On the other hand, CETIM also researches the production of bioplastics from natural waste sources in projects such as BIOPOL or BiopAgro. In this last one, the consortium uses different agro-food resources as raw material to obtain them. It develops and validates strategic ways of using agro-food by-products and non-food or disused agricultural crops to obtain biopolymers. All of this is integrated into a production system that includes the entire product value chain and represents a clear leap towards a circular economy. As a final product of the project, the aim is to obtain high-performance biopolymer compounds, optimised for use in new, sustainable bio-derived products for sectors of interest such as piping, automotive industry and food packaging. One of the challenges faced by this project lies in the research and optimisation of the most suitable agro-food wastes and by-products, and crops of interest for obtaining biopolymers. For this purpose, the elements that have the best capacity to be used for the extraction of biopolymers are identified, and subsequently the different varieties and cultivation conditions will be investigated in order to maximise production rates while reducing water consumption.

 

We promote bioeconomy
Both projects represent a boost and a motivation for the development of the Bioeconomy in Galicia and Spain, and positioning our country at the forefront of Europe. Likewise, they are completely aligned with the European Strategy for Circular Economy, positively impacting on four of the priority areas established by the EU – Plastics, Food Waste, Biomass and Bioproducts and Innovation. Similarly, it will contribute to the fulfilment of the United Nations Sustainable Development Goals and promote the European Strategy for Plastics, where bioplastics are identified as crucial drivers for innovation and the development of a circular and sustainable plastics economy.

 

Aceites vegetales y ligninas y celulosas son las principales materias primas investigadas en DICKENS para obtener biopolímeros termoestables y termoplásticos; en BiopAgro se desarrollan bioplásticos a partir de subproductos agroalimentarios.

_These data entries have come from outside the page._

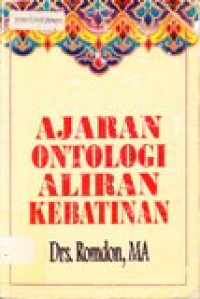 Ajaran ontologi aliran kebatinan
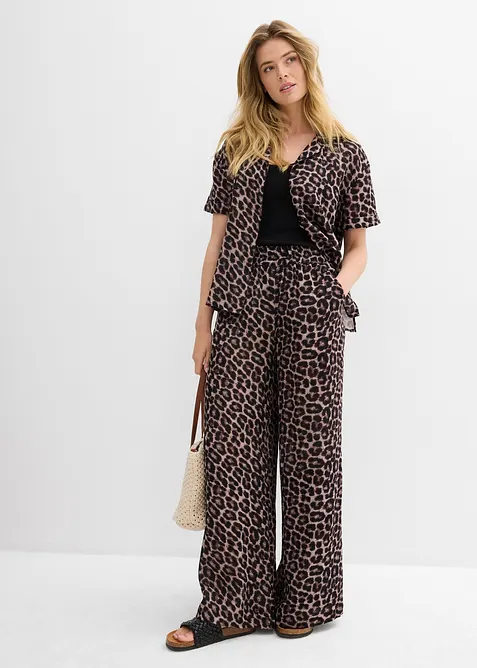 Vid bukse i musselin, bonprix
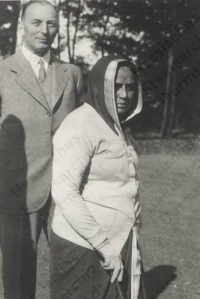 Maharani of Baroda Chimnabai Gaekwar during an European holiday in 1930s (Baroda)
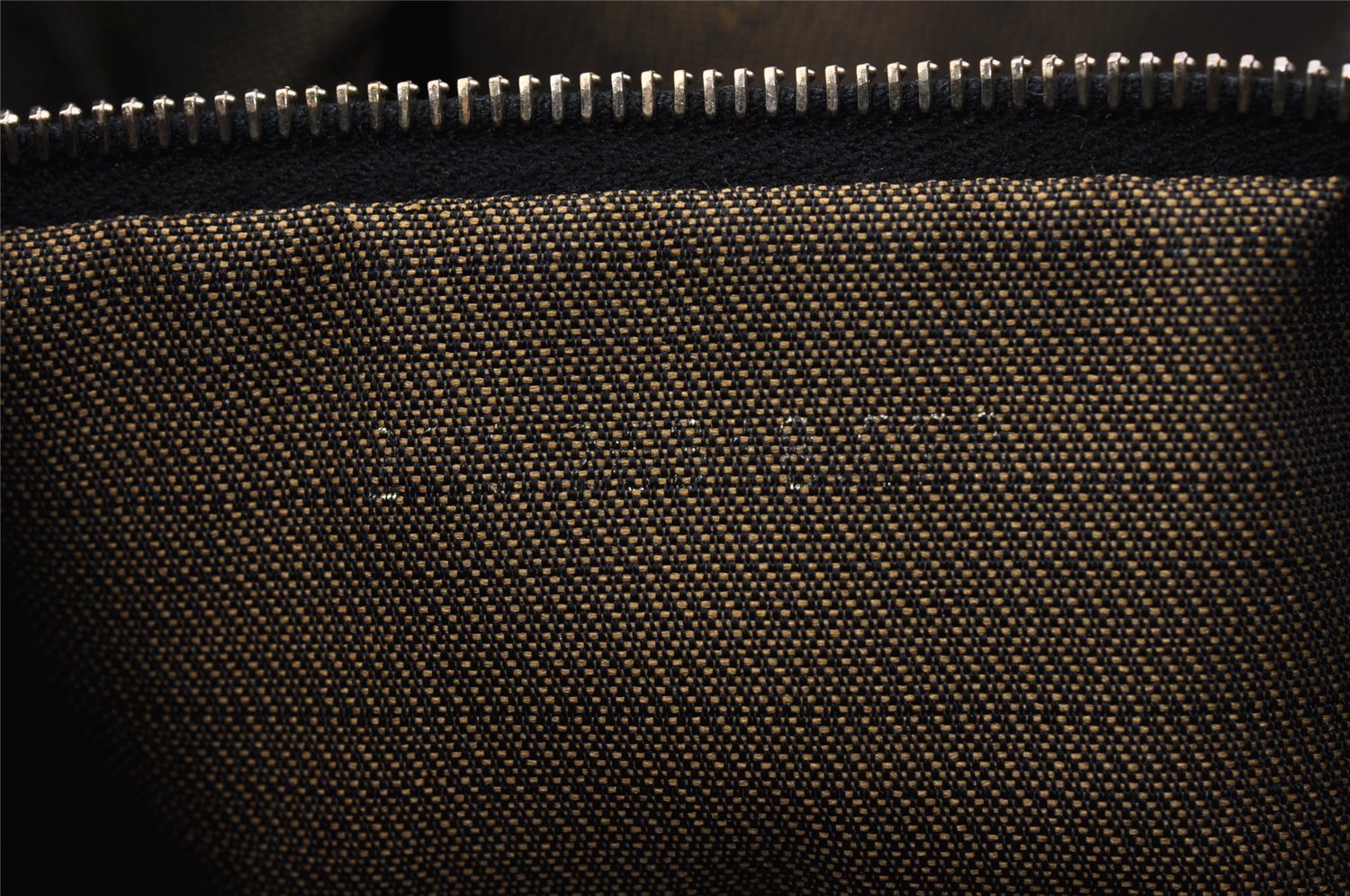 Authentic FENDI Vintage Zucca Hand Bag Purse Canvas Leather Brown 4608I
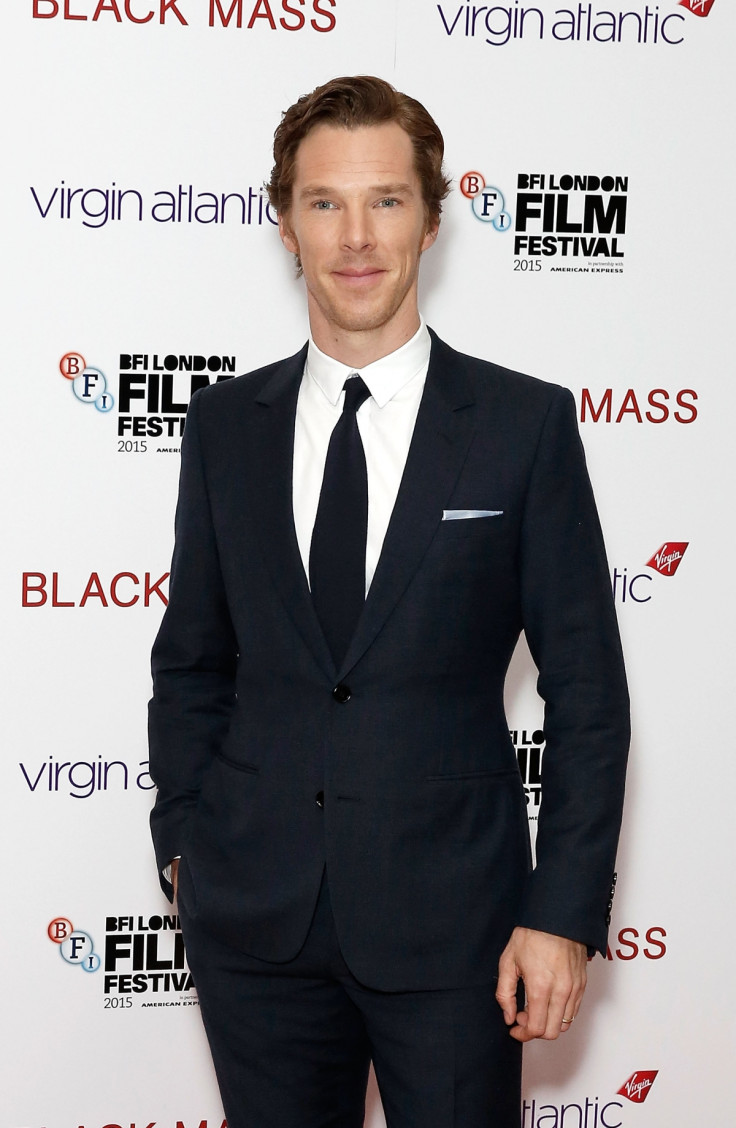 Benedict Cumberbatch at the Black Mass premiere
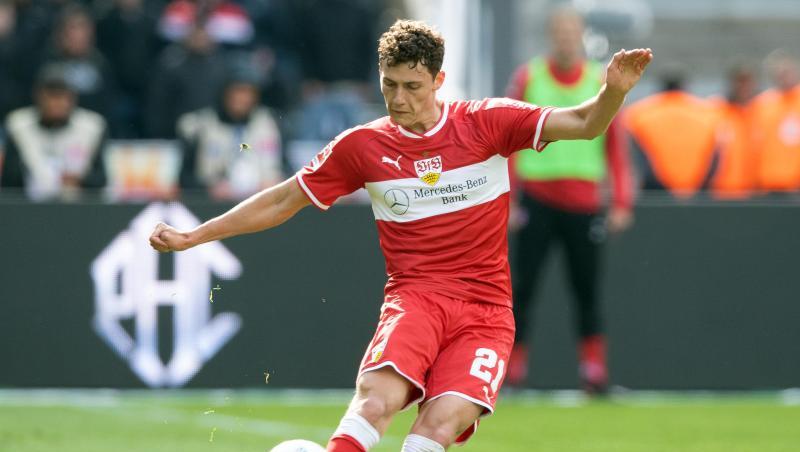 Fußballspieler Benjamin Pavard in Aktion. Foto: Soeren Stache/Archivbild Fußballspieler Benjamin Pavard in Aktion. Foto: Soeren Stache/Archivbild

Vegetable oils and lignins and celluloses are the main raw materials investigated at DICKENS to obtain thermosetting and thermoplastic biopolymers; BiopAgro develops bioplastics from agri-food by-products.

 

We collaborate with leading industries
Most of CETIM’s projects are born from our multi-sector character and would not be possible without the collaboration of our partners and clients from sectors such as waste, plastic, chemical industry, research, etc. With them we carry out these investigations that allow us to develop concepts such as bio-economy, circular economy, bio-energy or bio-based products with a high added value. In CIEN DICKENS and RETOS Colaboración Biop-Agro we work with companies such as BASF, QMC, Pinturas Bruper, CARINSA, Omar Coatings, ENCE, or Grupo ABN.